On Sat, Dec 5, 2009 at 5:33 AM, Duncan Sands
<duncan.sands at math.u-psud.fr> wrote:
>>> Would there be any interest/opposition to extending the set of simple
>>> integer types in MVT to include the missing multiples of 8 (up to 64
>>> bits)? That is: i24, i40, i48, i56?
>
> By the way, the integer type legalization logic should probably go like
> this: let T be an integer type.
>
> (1) If T is legal, do nothing.
> (2) If there is a legal integer type which is bigger (in bitwidth) than T,
> then promote T to the smallest legal type which is bigger than T.

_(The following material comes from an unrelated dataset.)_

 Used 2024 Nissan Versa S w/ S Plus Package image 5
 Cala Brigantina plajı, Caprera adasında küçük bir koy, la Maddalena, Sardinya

> (3) In the remaining case, T is necessarily bigger than the largest legal
> integer type (call this type L).  Take the smallest positive N such that
>  (bitwidth of T) <= (bitwidth of L) * 2^N
> If you have equality in the equation, i.e. if the bitwidth of T is a power
> of two multiple of the bitwidth of L, then expand T into two equal integer
> types of half the size.  Otherwise promote T to the type with bitwidth equal
> to the right-hand-side of the equation, i.e. (bitwidth of L) * 2^N.
>
> If all legal integer types have a power of two size, then this coincides
> with what we have today.  If some legal types do not have a power of 2
> size then finding the type to promote to in (2) requires more computation
> than in the power-of-two case.  For (3), you need to know the largest legal
> type L, which currently isn't exposed in a convenient way for this.  For
> simple integer types everything can of course be pre-calculated in tables,
> like now.  For extended integer types it would be good to have an efficient
> algorithm for calculating this on the fly.  At worst, values can be cached.

This makes the most sense to me as well.  I have used some embedded
chips (long time ago, but still...) that had a 7-bit wide bus and
register setup, certainly not a power of 2, not even even.